• EXERCISE PROMPT: Set down, exactly and with nothing added, the lines running from the one that holds "Volkswagen T-Roc 1.0 tsi Life 110cv" to the final line of the records. Pictures stay out of the copy.

• PROVIDED MATERIAL:
□ □ □ □ □
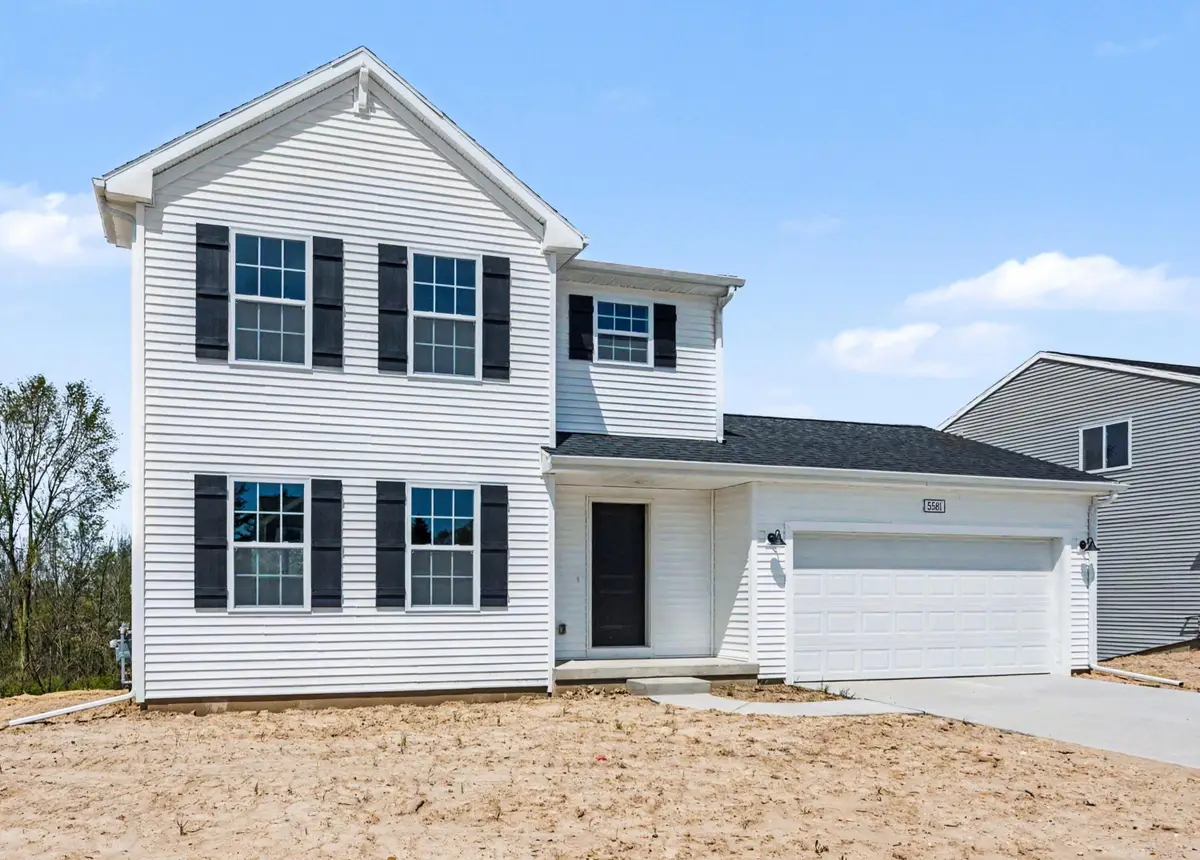 5581 Mammoth Drive Se, Caledonia, MI 49316 - #1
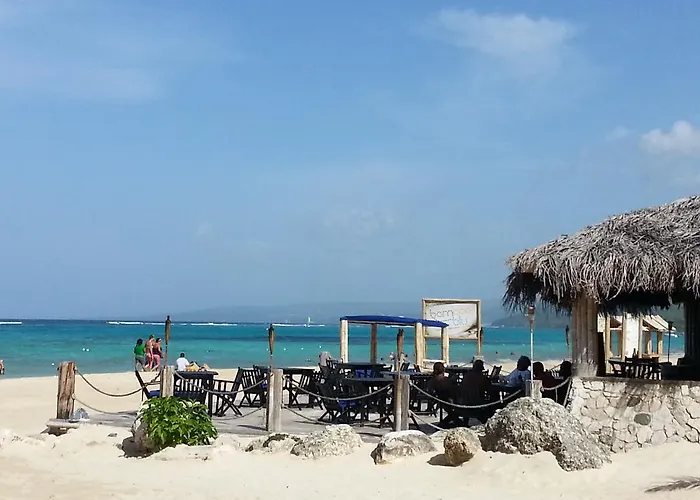 One Luxe Jamaica With Private Pool, Modern Interior And Secluded Ocho Ríos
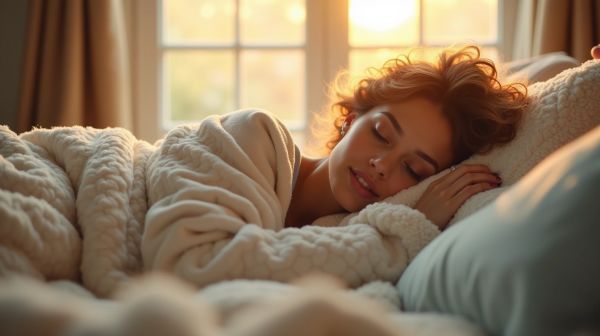 Choisir une couette hiver adaptée à votre confort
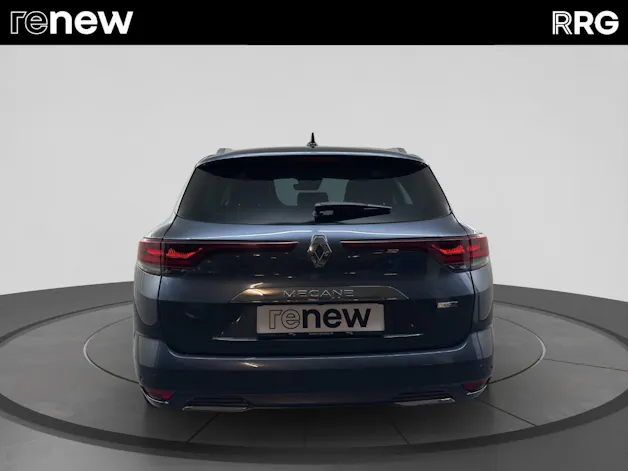 Renault Mégane Grandtour 1.6 E-Tech R.S. Line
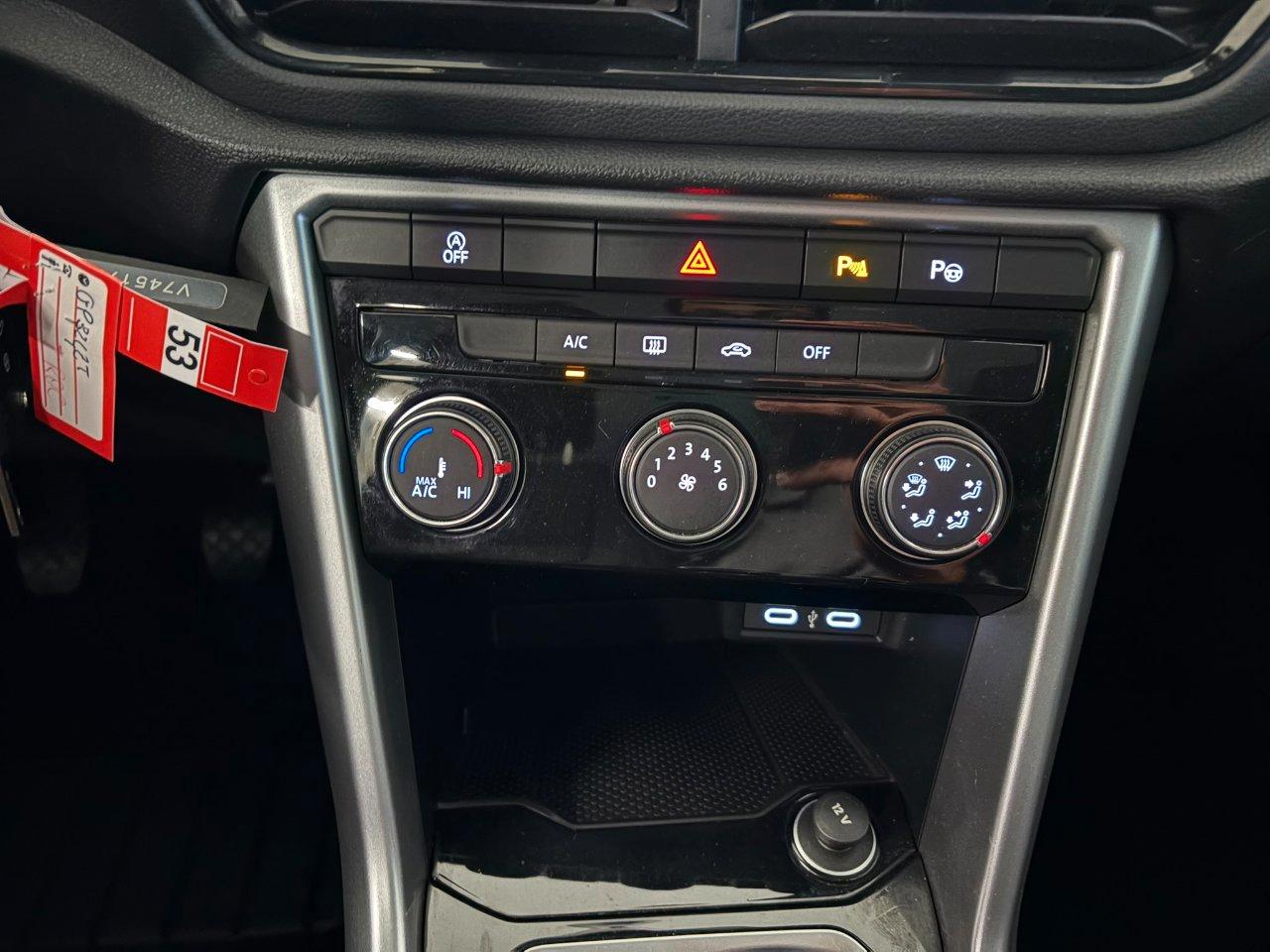 Volkswagen T-Roc 1.0 tsi Life 110cv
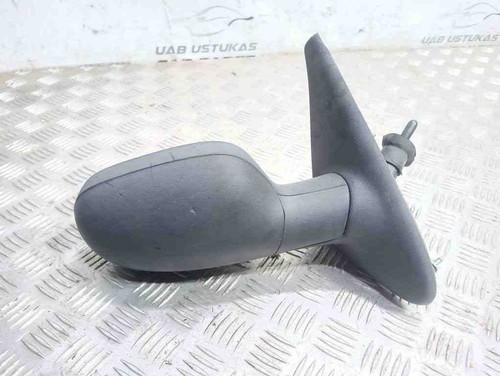 RENAULT MEGANE I BA0/1 Außenspiegel rechts 014008 1.60 Petrol 66kw 31362419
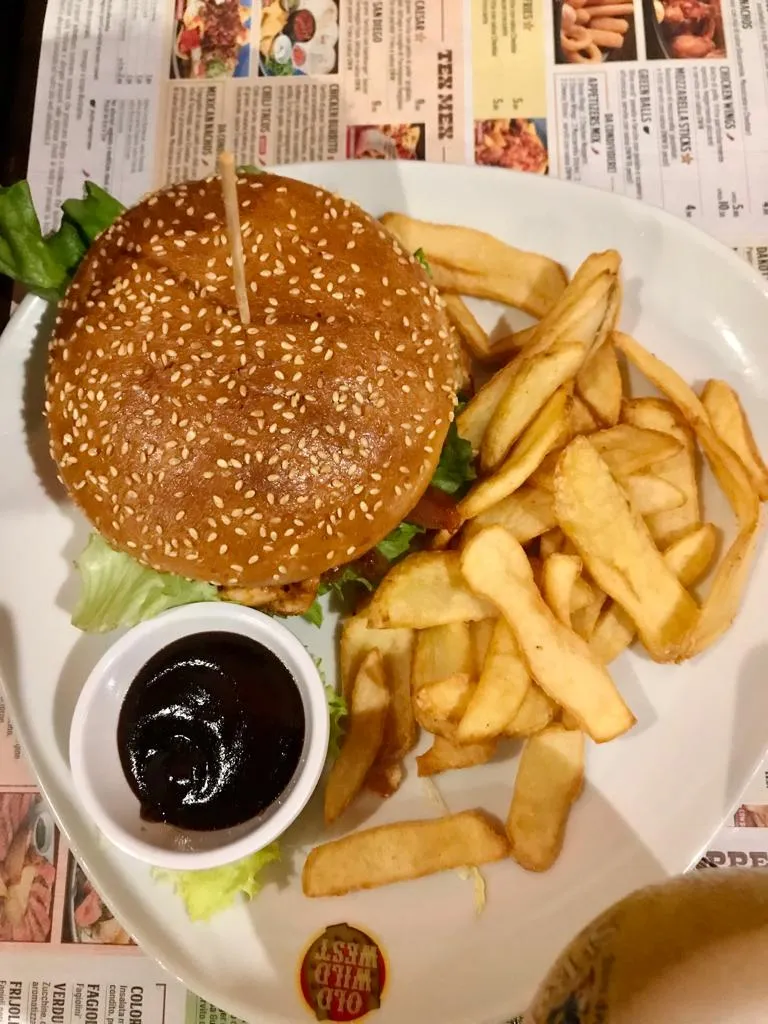 Menu_Old Wild West - Pradamano Multisala Cinecity_Pradamano_immagine_6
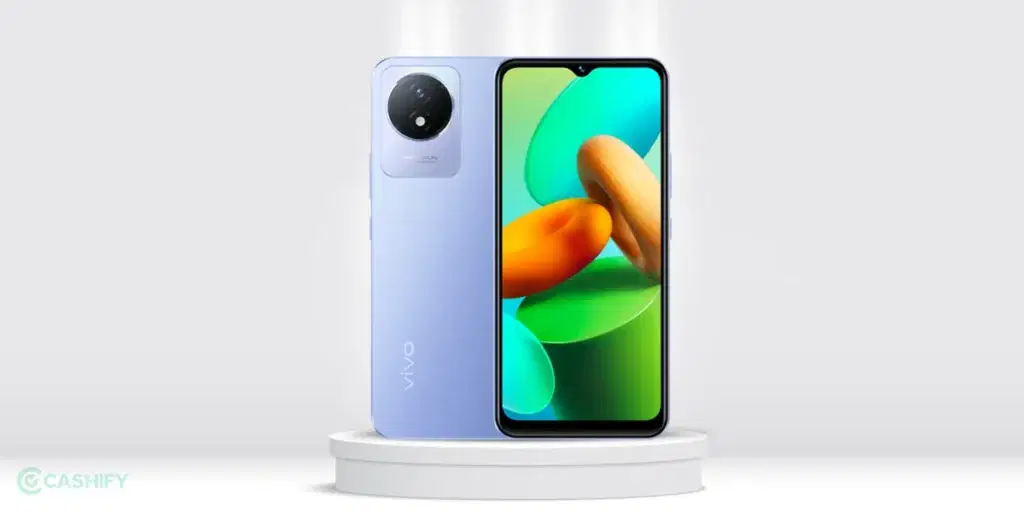 Vivo Y02,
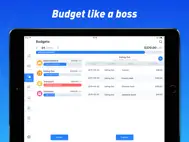 Pocket Expense 6 ipad bilder 3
□ □ □ □ □
• ANSWER BOX:
 Volkswagen T-Roc 1.0 tsi Life 110cv
 RENAULT MEGANE I BA0/1 Außenspiegel rechts 014008 1.60 Petrol 66kw 31362419
 Menu_Old Wild West - Pradamano Multisala Cinecity_Pradamano_immagine_6
 Vivo Y02,
 Pocket Expense 6 ipad bilder 3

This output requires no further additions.